I think when I started writing it, I didn't think of Aerosmith or anything. There was this guitar riff that was meant to be an acoustic guitar in the beginning, and to me it sounded like classic Badlands. It's got a certain Southern rock touch, but it was never designed to sound like it does now when it was written.
JENS: When the song was written we had a certain sound in mind, but we didn't know exactly which instrument it was. We were thinking it might be a lap-steel or something. Finally when we told Sascha about our vision for this song, he told us that a dobro makes the sound that we were looking for.
After that, I looked on the Internet for a nice-looking dobro because I had no experience with the instrument, and I bought one especially for this song. When it finally came I had like four days to rehearse!
It was quite a big challenge for me. There are a lot of differences between dobro and a regular guitar, so for me it was a bit like learning a new instrument in four days.
When I first started learning the song, for the first two days I couldn't get anything good sounding out of the instrument. On the third day things became a bit better and as soon as some good sounding stuff came out of the instrument it was a lot more fun to keep working on it.
And there are as always a lot of different sounds on this album. Who are some of your influences that give Edguy such a varied sound?
JENS: Well anything you listen to influences you. The thing is, I don't usually listen to country music for example -- that's absolutely not my cup of tea -- but when you just include some small elements in an Edguy song then it doesn't make the song a complete country song, it just gives a different vibe, which is what we want to create. We want to keep it interesting for ourselves. We don't want to make the same songs over and over again.
I think you should keep on trying new things, because if you're just doing the same thing over and over again then it becomes like a job, and when making a record feels like a routine then that's a pretty bad sign in my opinion.
On the opposite end of the spectrum from "Pandora's Box," the song "Nobody's Hero" has a very traditional metal vibe to it, and I know a lot of people are saying this album is a return to your more metallica roots. Would you agree?

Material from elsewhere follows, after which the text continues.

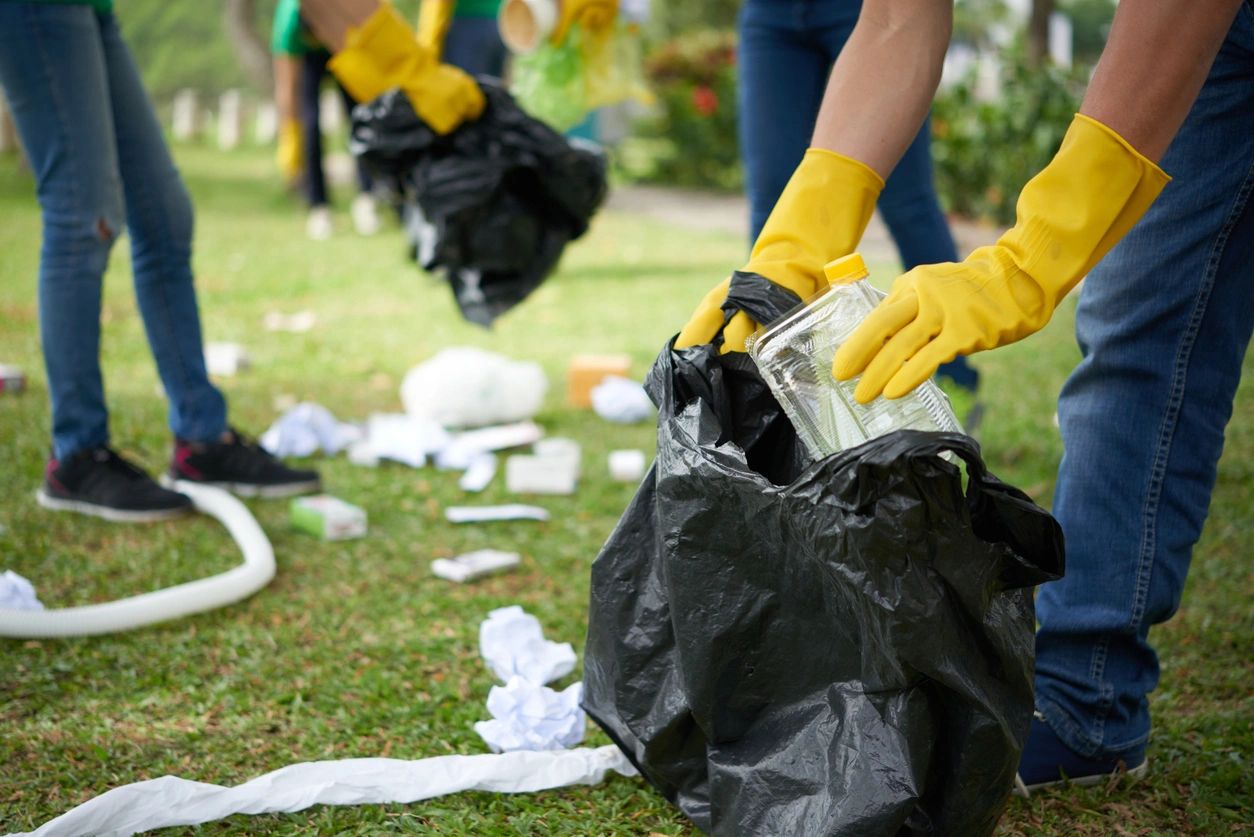 Casa Community Clean-Up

TOBIAS: No. [laughs] I know a lot of the fans would probably want me to say that, but I feel there's no need to go back to anywhere because I think we've always embraced out roots. Maybe it was more obvious on some albums than others, but I think we've always maintained our trademarks.

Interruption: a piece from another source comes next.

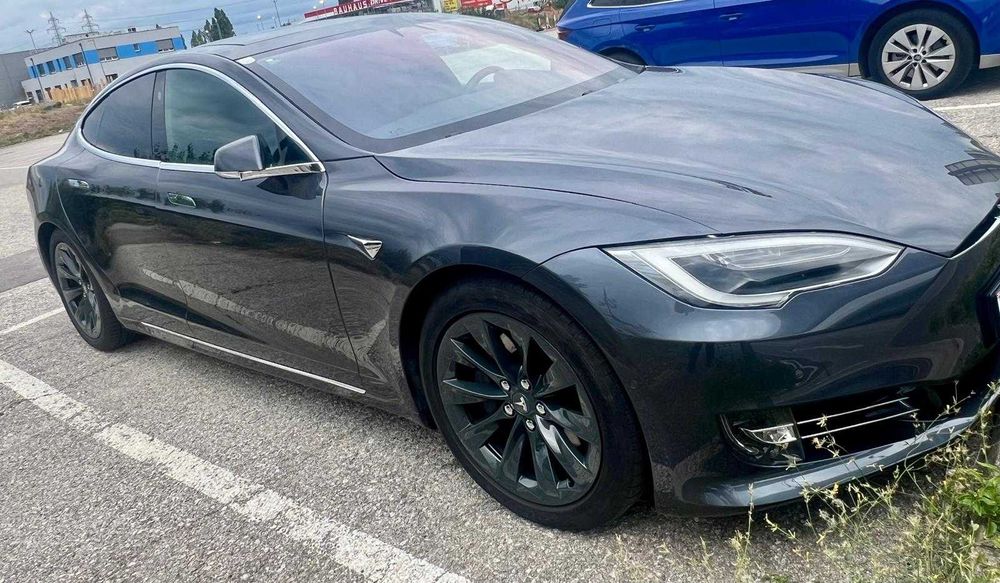 Tesla Model S 75D Limousine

"Nobody's Hero" was so innocently written. I think it was the second song that we had done for the album, and it does remind me of my roots, but of course our music will always be a reflection of our own favorite bands. "Nobody's Here" is a Dio song -- or it certainly bears the trademarks of his early records. I've always been a big fan of Dio and I was fortunate enough to meet him and talk to him. I think it would be wrong to outright deny your influences.

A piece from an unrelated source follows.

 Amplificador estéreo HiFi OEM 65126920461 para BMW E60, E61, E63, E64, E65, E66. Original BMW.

JENS: For me it's a little hard to tell, but of course I can tell why people say it's "back to the roots." Especially after Tinnitus Sanctus, which was a kind of dark record, there's a lot more funs stuff and positive energy going on on this album. That's maybe why people refer to the old albums.
There's certainly not as much double bass as on the old albums, and there's all the new elements that, for me, make it an Edguy record.
Why do you think fans tend to have an obession with the past when a band just wants to move forward?
TOBIAS: Whenever people say, "Oh, the early albums are better," what you have to take into consideration is that the early albums were a soundtrack to bigger parts of their lives than the newer albums. When you've listened to an album for 10 years, of course you've got a different emotional attachment to that album than for an album you've just recently bought. And that's a normal thing, but people mistake that for quality.
The new album from Edguy, Age of the Joker, is out September 13 on Nuclear Blast Records.